1. In relation to static and dynamic validation shown in Section 5, have the authors attempted to validate the accuracy and resolution of the z-coordinate of the detector head, i.e. the lift-off, as well as head's orientation, e.g. pitch and roll angles? In typical operating procedures, a handheld detector is rarely held at constant lift-off and perfectly parallel to ground surface. Varying lift-off also strongly affects sensitivity, especially in the case of metal detectors, so having a system that can accurately measure the lift-off could be very beneficial from the practical side. Please comment if there are any limitations to the proposed methodology in a context lift-off and sensor orientation estimation?
We agree that the effect of variation in z-displacement and head orientation will have an important effect on the precision and accuracy of the system, but unfortunately this has not been studied as part of this work. We have added additional text to section 6.2 to address this and added a further comment in section 7 to indicate this is likely to form part of future work.
2. When discussing the frame rates (30-50 fps) for a targeted application, the authors state that "the frame rate ensures that the system can capture the position at a sufficient spatial resolution to keep up with normal demining scan patterns and speeds." Could you please clarify what is meant by normal demining speeds (? m/s) and what would be the expected spatial resolution?
We have added text and a reference in section 2.1 to address this.
3. Can you clarify how does 30-50 fps rates translate into position update rates, considering a fact that some level of data averaging is needed?
We do not use any averaging on the "live" reporting of position in the system discussed in this paper. We agree that this is a complex interaction requiring further study and so we have added additional text in section 2 (see also previous comment) and section 7 to address this.

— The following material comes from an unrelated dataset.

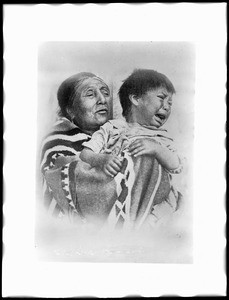 Washoe Indian grandmother holding her crying grandson, 1898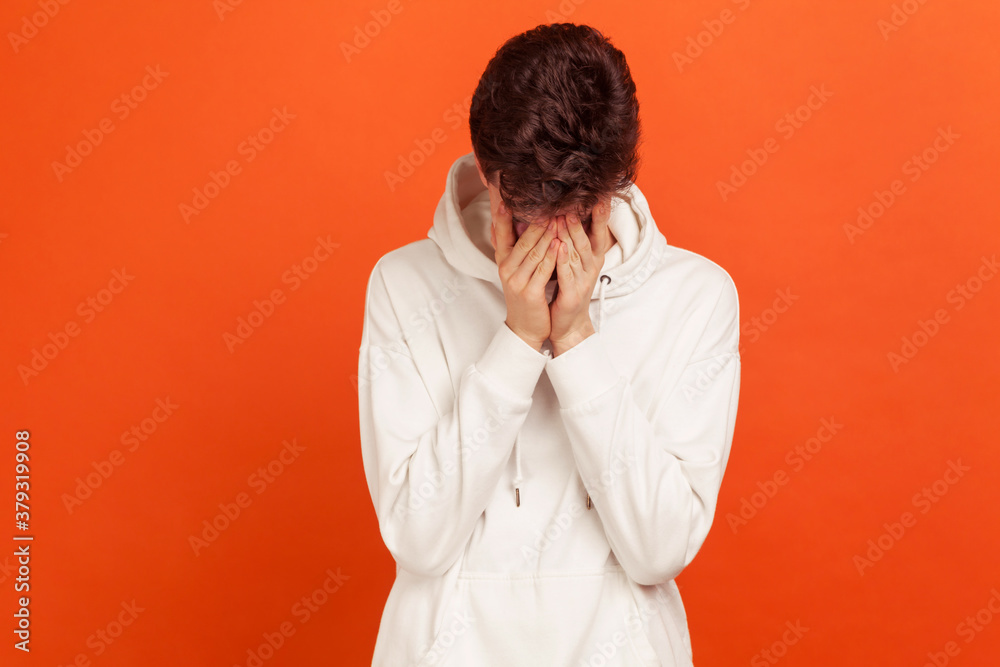 Upset lonely teenager in hoodie closing face with palms crying with despair, hiding his eyes in shame, depression. Indoor studio shot isolated on orange background Upset lonely teenager in hoodie closing face with palms crying with despair, hiding his eyes in shame, depression. Indoor studio shot isolated on orange background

4. Can you explain on how the MD-GPR detector and positioning data streams are synchronized to produce overlay images shown in Figs 9 and 10? How does data synchronization accuracy affects the overall resolution of the detection system for the targeted application?

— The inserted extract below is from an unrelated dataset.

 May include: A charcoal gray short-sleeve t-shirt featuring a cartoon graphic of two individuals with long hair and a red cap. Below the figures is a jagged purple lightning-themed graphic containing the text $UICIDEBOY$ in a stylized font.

We have added text into section 6.2 to describe the timestamp based synchronisation between MD/GPR data and the positioning system.
Round 2
Reviewer 1 Report
Comments and Suggestions for AuthorsThe author's responses are sufficient.
However, the layout of the figures depends on both MDPI guidelines and metrological conventions, given that you are publishing in a metrology journal.
Furthermore, in Figure 10, I agree that the colour scale is not necessary in light of the explanation, but at least the units of measurement should be included to make it consistent with Figure 9.
Author Response
Thank you for the review and pointing out the lack of labels in Figure 10. We have added axes labels and dimensions to Figure 10 for consistency.
Reviewer 2 Report
Comments and Suggestions for AuthorsThe authors provided clarifications to my previous comments which improved the overall readability of the paper. I have no further comments.
Author Response
We thank the reviewer for their comments and thorough review.